■ Assignment:
Please restate the data below word for word, omitting all images.

■ Information given:
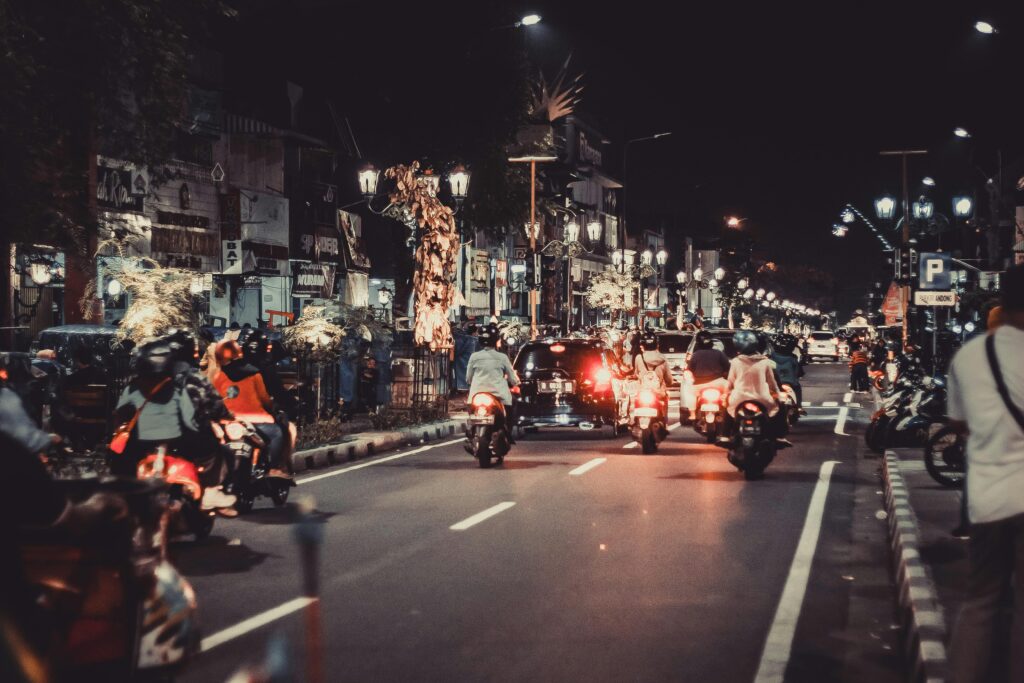 Nighttime traffic on a busy bali street with motorbikes and cars surrounded by shops and lights.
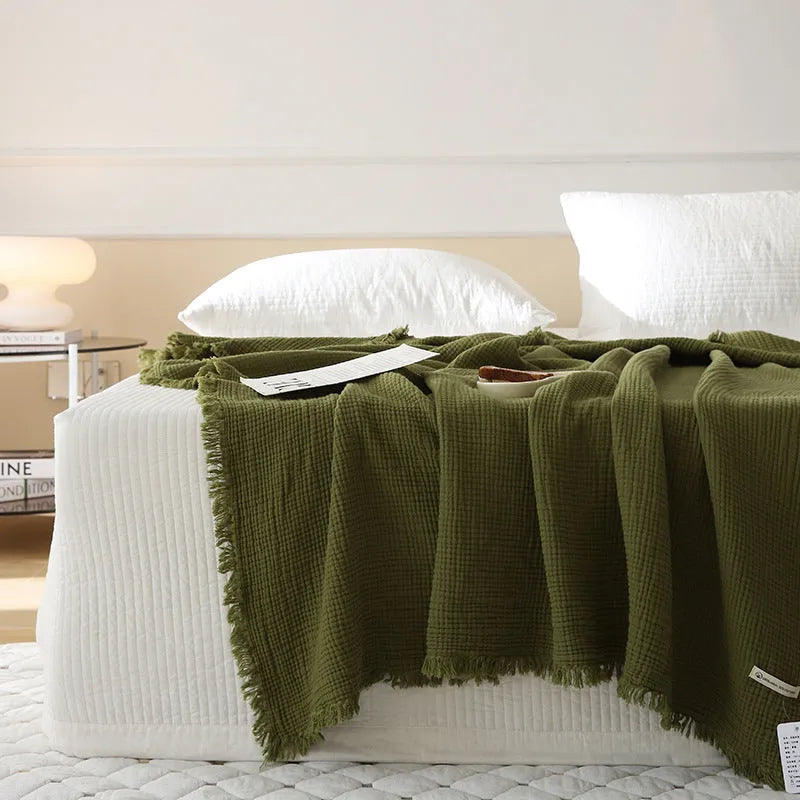 Four-layer gauze cotton blanket with tassel trim in navy blue colour laid flat.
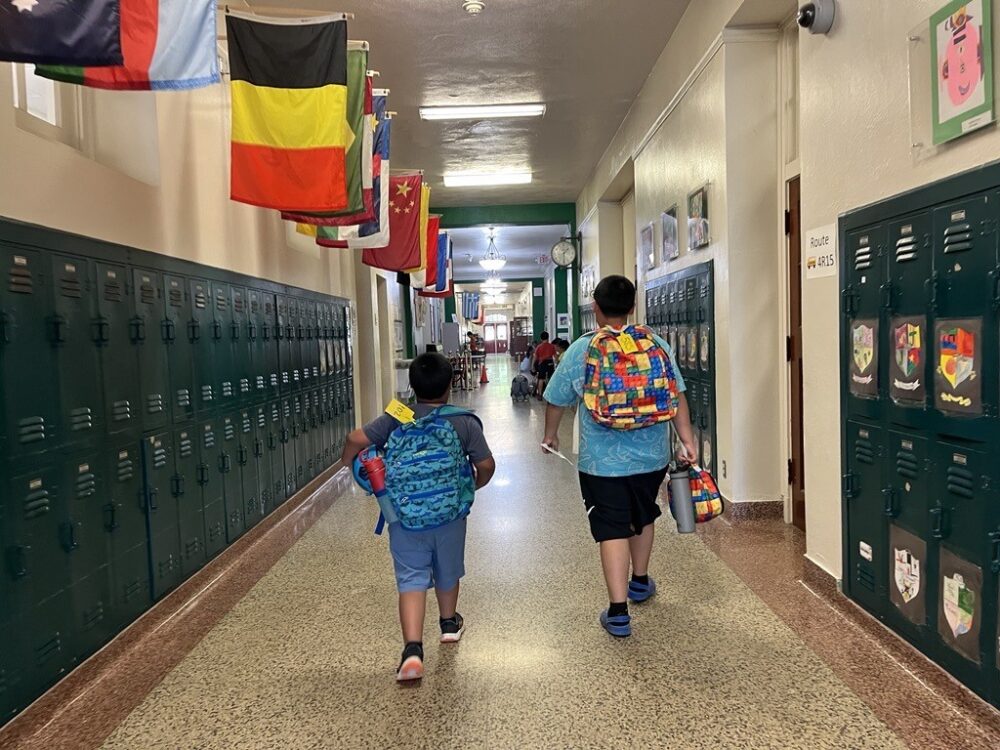Two students walking down the hallway of Houston ISD's River Oaks Elementary.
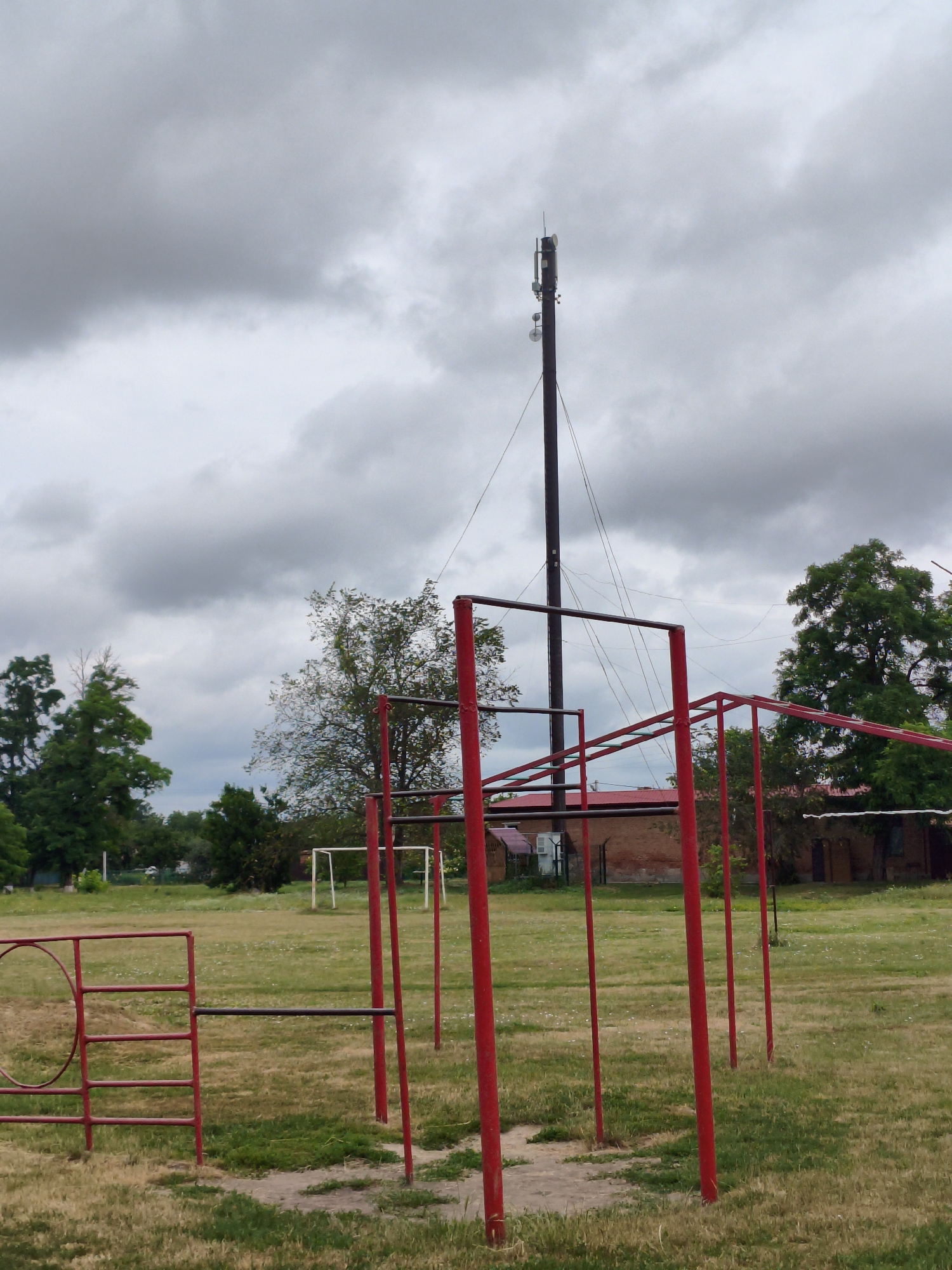 The image depicts an outdoor recreational area with various exercise equipment. In the foreground, there is a set of red metal bars, likely part of a pull-up or monkey bar structure, set on a grassy field. To the left, another red metal frame with horizontal bars and a circular element is visible. In the background, trees and a brick building can be seen. Further back, a white soccer goal is positioned on the grass, suggesting the area is a sports field or park. Dominating the upper portion of the image is a tall, dark pole with antennas and equipment, resembling a telecommunications tower. The sky is overcast with heavy grey clouds. The scene appears to be located in the city of Ustyvytsia, Ukraine, given the provided context. There are no people or animals visible in the image.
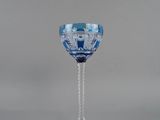 a blue and white wine glass sitting on a table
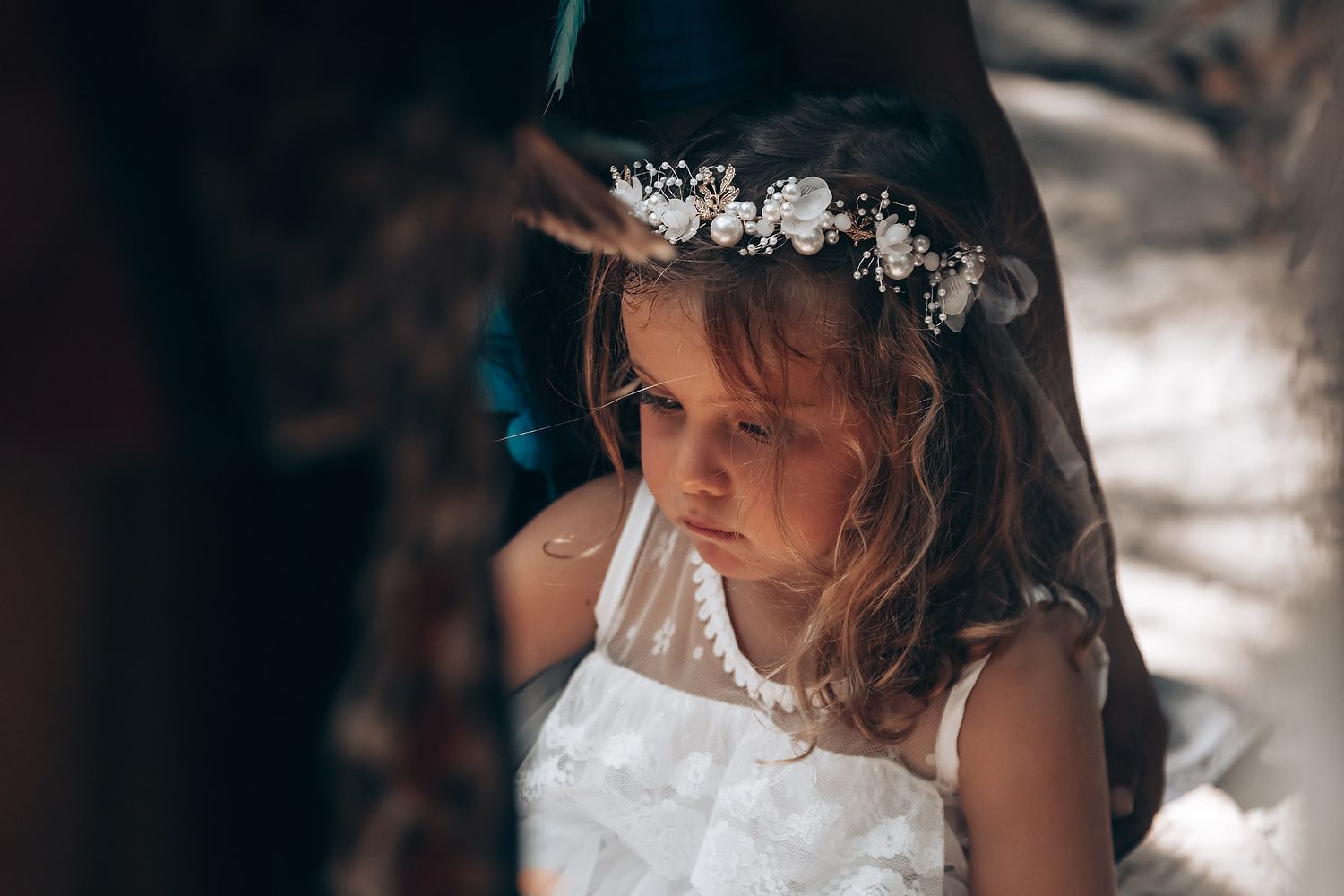 A bride wearing a delicate floral crown and white lace dress gazes downward in soft, ethereal lighting.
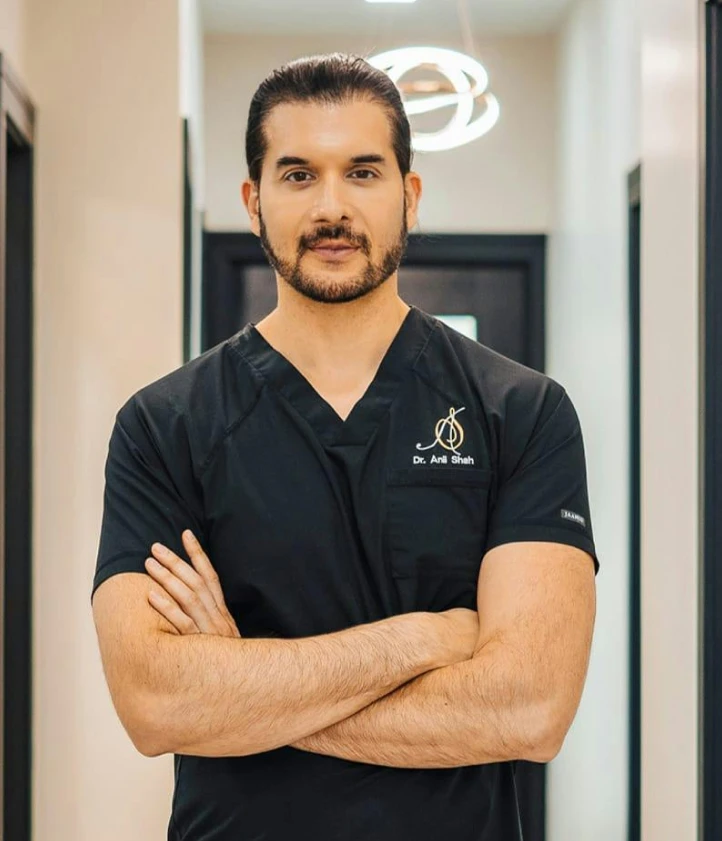 dr anil shah arms crossed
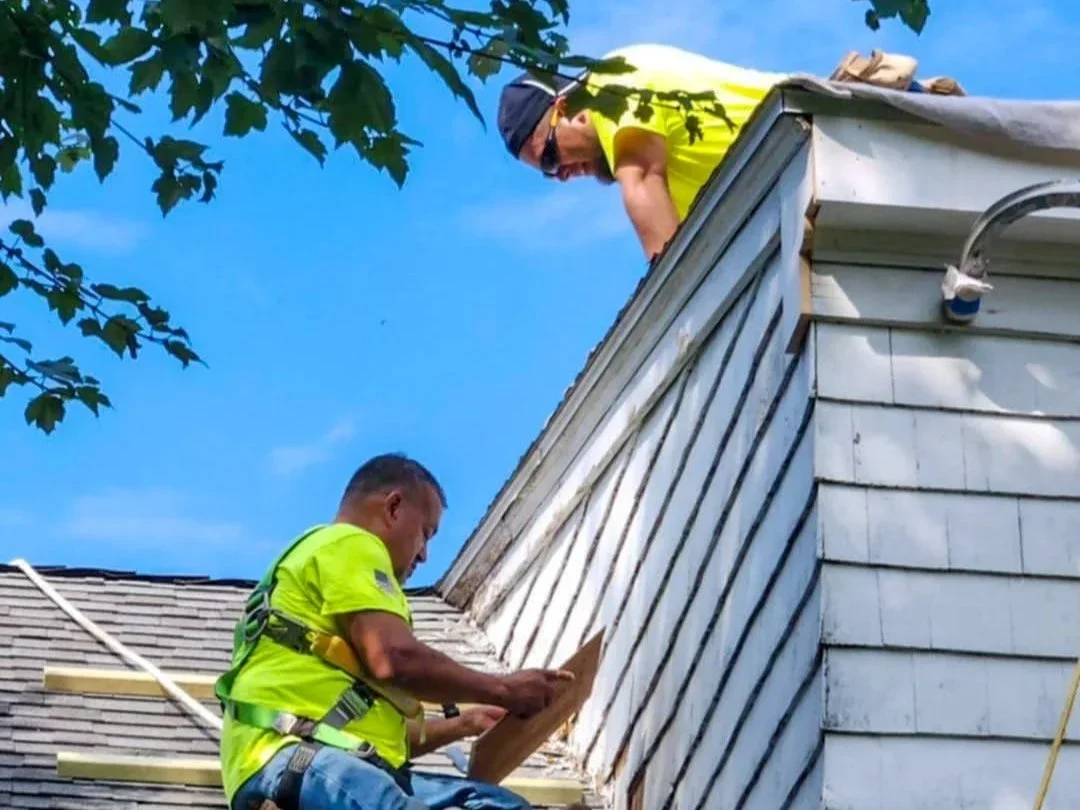 Two workers in yellow shirts working on the roof of a house, one above and one below, during daylight.
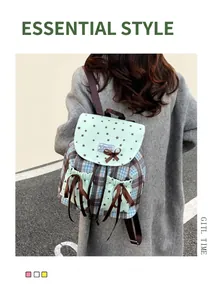 Outdoor shot of mint green and plaid backpack with stars pattern and bow-knot pockets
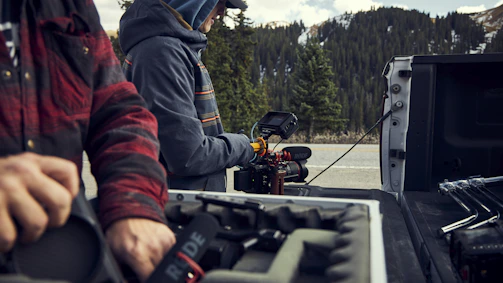 Film crew setting up camera equipment on a mountain location.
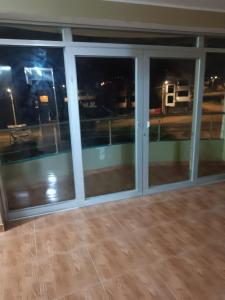 a room with glass windows with a view of a street at Hostal JM in Huancayo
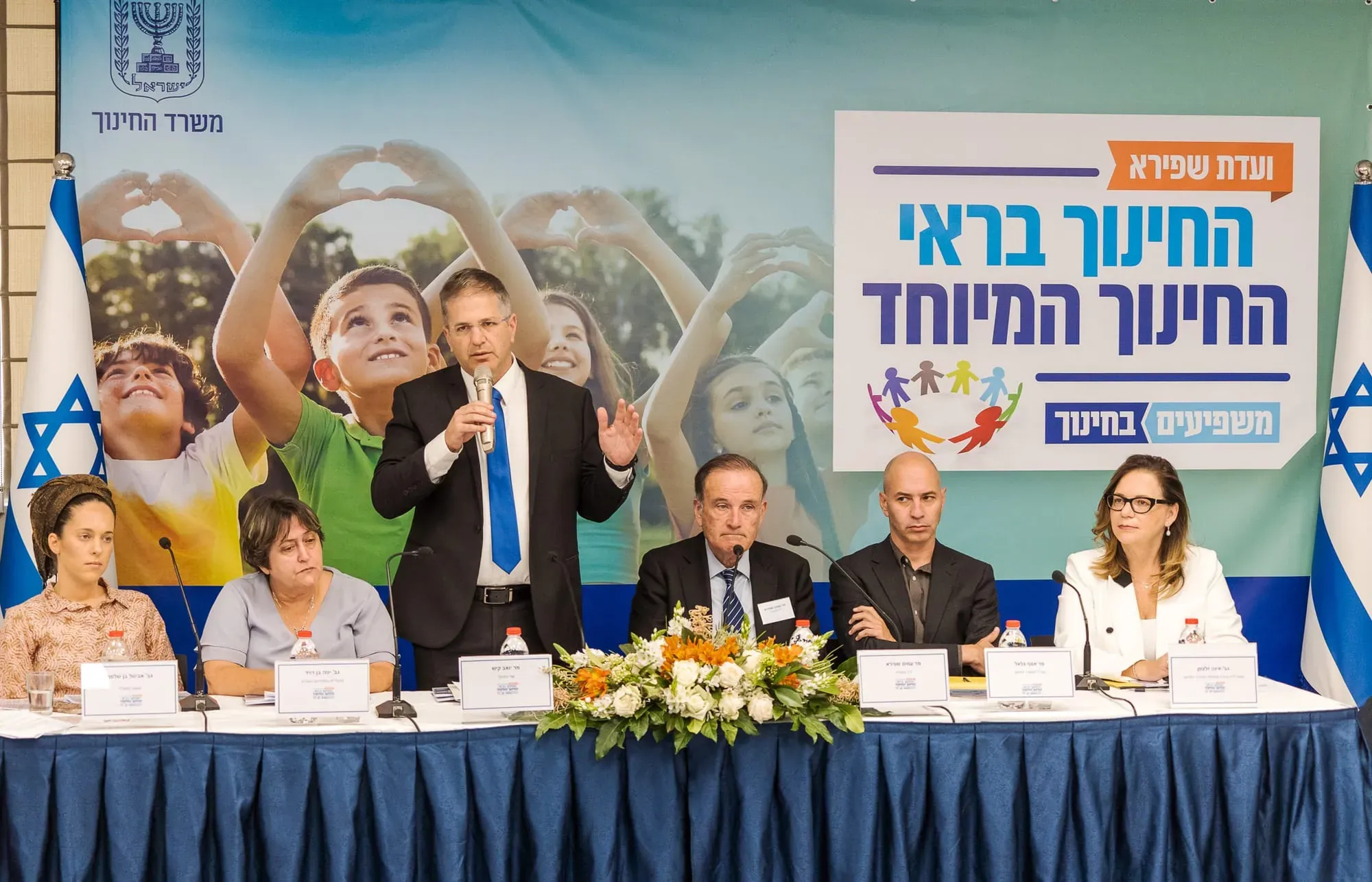 שולחן ראשי בכנס על חינוך בריאותי עם זר פרחים וצוות מרצים
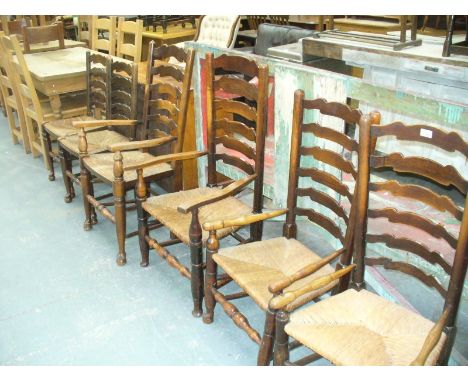An 18th Century oak and rush seated Macclesfield ladder back chair ,  second similar chair , a later elbow chair and 3 reprod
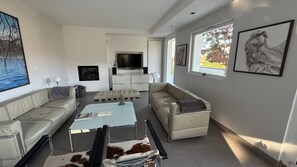 Un salon moderne avec un téléviseur à écran plat, deux canapés, une table basse et des œuvres d’art accrochées aux murs.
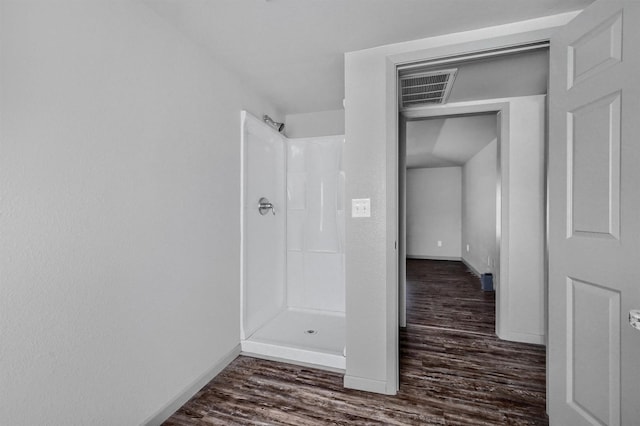 bathroom with a shower, baseboards, wood finished floors, and visible vents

■ Exercise result:
 Nighttime traffic on a busy bali street with motorbikes and cars surrounded by shops and lights.
 Four-layer gauze cotton blanket with tassel trim in navy blue colour laid flat.
Two students walking down the hallway of Houston ISD's River Oaks Elementary.
 The image depicts an outdoor recreational area with various exercise equipment. In the foreground, there is a set of red metal bars, likely part of a pull-up or monkey bar structure, set on a grassy field. To the left, another red metal frame with horizontal bars and a circular element is visible. In the background, trees and a brick building can be seen. Further back, a white soccer goal is positioned on the grass, suggesting the area is a sports field or park. Dominating the upper portion of the image is a tall, dark pole with antennas and equipment, resembling a telecommunications tower. The sky is overcast with heavy grey clouds. The scene appears to be located in the city of Ustyvytsia, Ukraine, given the provided context. There are no people or animals visible in the image.
 a blue and white wine glass sitting on a table
 A bride wearing a delicate floral crown and white lace dress gazes downward in soft, ethereal lighting.
 dr anil shah arms crossed
 Two workers in yellow shirts working on the roof of a house, one above and one below, during daylight.
 Outdoor shot of mint green and plaid backpack with stars pattern and bow-knot pockets
 Film crew setting up camera equipment on a mountain location.
 a room with glass windows with a view of a street at Hostal JM in Huancayo
 שולחן ראשי בכנס על חינוך בריאותי עם זר פרחים וצוות מרצים
An 18th Century oak and rush seated Macclesfield ladder back chair ,  second similar chair , a later elbow chair and 3 reprod
 Un salon moderne avec un téléviseur à écran plat, deux canapés, une table basse et des œuvres d’art accrochées aux murs.
 bathroom with a shower, baseboards, wood finished floors, and visible vents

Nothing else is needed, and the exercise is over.